Anything goes on the internet

The "Special report: Living in denial" issue of the New Scientist (12 May 2010) has some interesting articles. Two excerpts below.

When a sceptic isn't a sceptic (by Michael Shermer):
A climate sceptic, for example, examines specific claims one by one, carefully considers the evidence for each, and is willing to follow the facts wherever they lead. A climate denier has a position staked out in advance, and sorts through the data employing "confirmation bias" - the tendency to look for and find confirmatory evidence for pre-existing beliefs and ignore or dismiss the rest.
(...)
It has, for example, become fashionable in some circles for anyone who dares to challenge the climate science "consensus" to be tarred as a denier and heaved into a vat of feathers. Do you believe in global warming? Answer with anything but an unequivocal yes and you risk being written off as a climate denier, in the same bag as Holocaust and evolution naysayers. (...) When I say "I believe in evolution" or "I believe in the big bang", this is something different from when I say, "I believe in a flat tax" or "I believe in liberal democracy".
(...)
What sometimes happens is that people confuse these two types of questions - scientific and ideological. Sometimes the confusion is deliberate. Denial is one outcome. Thus, one practical way to distinguish between a sceptic and a denier is the extent to which they are willing to update their positions in response to new information.

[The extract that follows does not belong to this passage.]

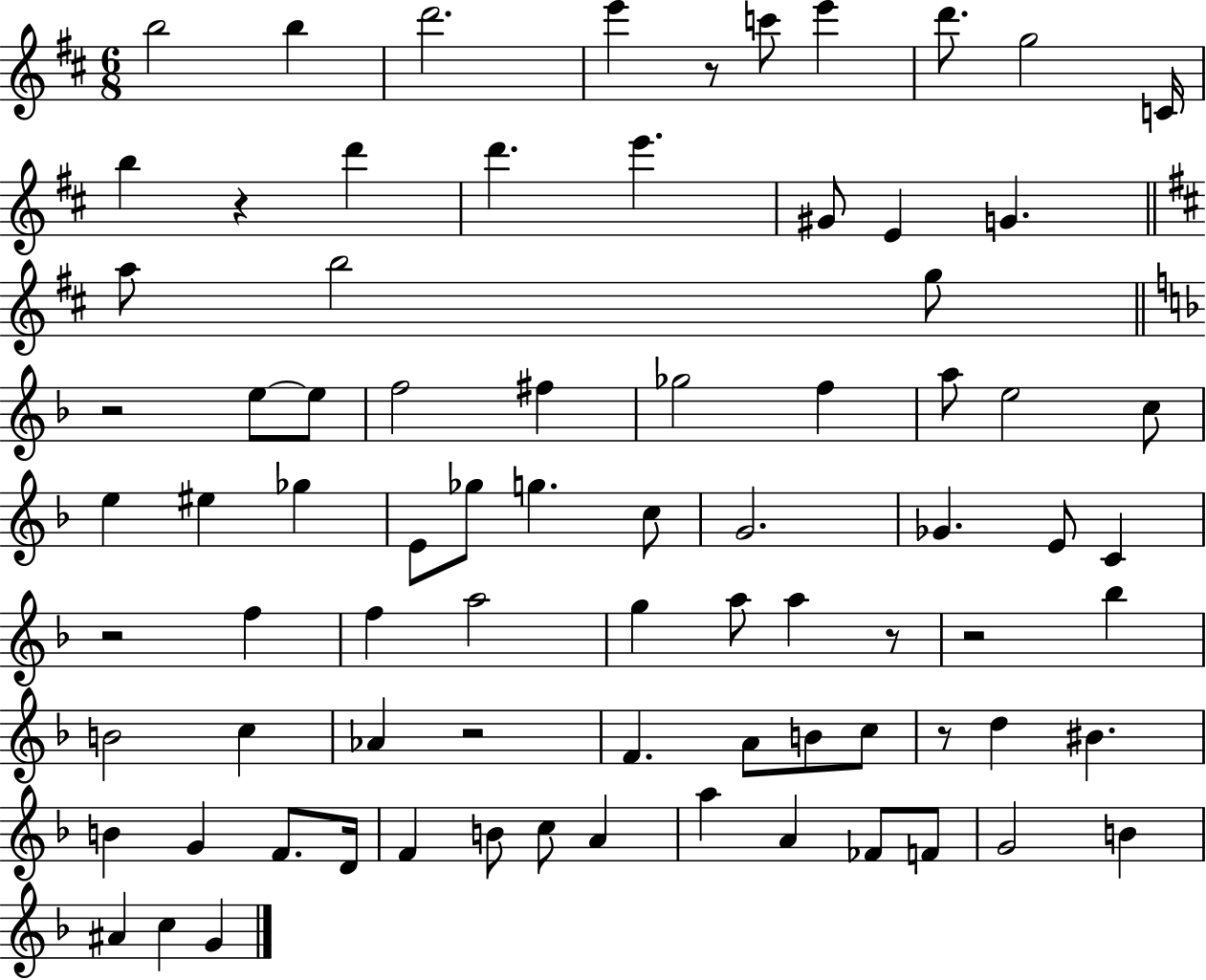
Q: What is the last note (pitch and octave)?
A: G4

Questioning science isn't blasphemy (Michael Fitzpatrick):
As philosopher Edward Skidelsky of the University of Exeter, UK, has argued, crying denialism is a form of ad hominem argument: "the aim is not so much to refute your opponent as to discredit his motives". The expanding deployment of the concept, he argues, threatens to reverse one of the great achievements of the Enlightenment - "the liberation of historical and scientific inquiry from dogma". Don't get me wrong: the popular appeal of pseudoscience is undoubtedly a problem. But name-calling is neither a legitimate nor an effective response.
(...)
Such attempts to combat pseudoscience by branding it a secular form of blasphemy are illiberal and intolerant. They are also ineffective, tending not only to reinforce cynicism about science but also to promote a distrust for scientific and medical authority that provides a rallying point for pseudoscience.
I also liked Jim Giles's article about how easy it is to spread a lie, and how hard to fix it nowadays.